10 Things We Learned From Twin Peaks: The Return Part 9
9. Andy And Lucy Lighten Their Load
One criticism levelled here, at this otherwise impossibly brilliant series, is the broad strokes with which Andy and Lucy Brennan have been painted thus far.
Elements of their scenes have been very funny - their nonchalant use of "Indians" rather than the accepted "Native Americans" is such oblivious minor racism that it somehow borders on the sweet - but Andy's repeated "poonkie" pet name can get cloying, as can the persistent feeling that the couple have underwent a process of Flanderisation over the intervening quarter century. They were always dumb, but they were never this dumb.
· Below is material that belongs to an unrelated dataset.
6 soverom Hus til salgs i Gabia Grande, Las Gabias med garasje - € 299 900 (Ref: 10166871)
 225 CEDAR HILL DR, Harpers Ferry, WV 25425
Happily, Part 9 does much to portray them as actual human beings, more so than nostalgic light relief. The physical comedy is present, but it's less hur-hur than, say, the very concept of mobile phone technology (nascent even in 1989) being enough to propel Lucy out of her receptionist chair. In a sequence best described as "nice," Lucy demands that they purchase a beige chair, and not the same version in red. She is unable to communicate this without getting up and walking over to his own desk. Andy is similarly incapable of projecting his voice, and again, it's nice as well as humorous in a stilted, formal bit of direction.
Lucy settles on the red chair after Andy acquiesces. While it's a nothing sequence, it adds shade to the stark beige and red of their palette. Lucy isn't a shrill idiot, their love not metered out with pet names and wallflower delivery.